L’attaque contre Venise et Chioggia avait pour but, on le sait, de nous relier à l’armée de terre ; la présence d’un corps nombreux de débarquement à bord des vaisseaux était donc absolument nécessaire. Les marins de l’escadre pouvaient bien, après que le feu des forts eût été éteint, tenter un coup de main hardi, occuper des bastions ; mais ils n’étaient pas assez nombreux pour enlever à l’abordage et garder une ville de 25,000 habitans comme Chioggia. Ils eussent été assiégés après leur victoire, et le but que l’on se proposait n’eût pas été atteint.
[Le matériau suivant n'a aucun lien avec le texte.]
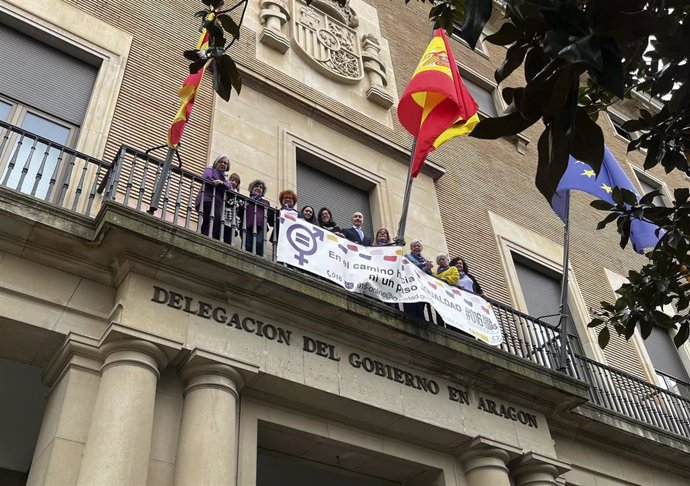 Pancarta colocada en el balcón de la Delegación del Gobierno en Aragón.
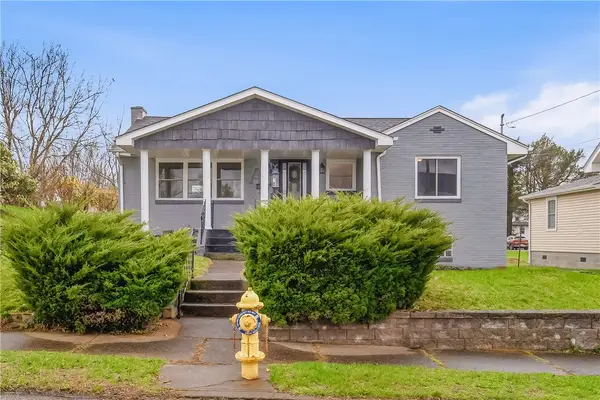 134 N 11th St, Connellsville, PA 15425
Aussi, dès que la victoire de Solferino nous eut assuré la ligne du Mincio, l’ordre fut expédié à une des divisions de Paris de partir pour Toulon, de s’embarquer sur deux transports, et de former, sous le commandement du général Wimpfen, l’avant-garde d’un corps d’armée qui devait venir plus tard d’Algérie sur les bâtimens de l’escadre de l’amiral Jéhenne.

Le 5 juillet, trois mille hommes d’infanterie arrivèrent devant Venise, où ils ne trouvèrent que l’escadre de blocus. Ils revinrent aussitôt à Lossini, où on les attendait avec une grande impatience, car l’ordre d’attaquer pouvait venir d’un moment à l’autre, et sans l’infanterie le rôle de la marine devant Venise se bornait à une simple canonnade comme celle du 17 octobre devant Sébastopol. Les soldats entassés sur les transports furent répartis sur ces vaisseaux ; on voulait ainsi rendre leur débarquement plus prompt lorsque le moment serait venu. Enfin, le 7 juillet au matin, une dépêche de l’empereur datée du 6 donnait l’ordre de marcher sur Venise, et mettait un terme à l’impatience de tous ces braves gens. L’activité redoubla ; cette fièvre de gloire qui saisit tous les hommes à l’approche d’un combat faisait oublier les fatigues. Quand le 8 au matin le signal d’appareiller fut hissé en tête du grand mât du vaisseau amiral, tout le monde était prêt à faire joyeusement son devoir.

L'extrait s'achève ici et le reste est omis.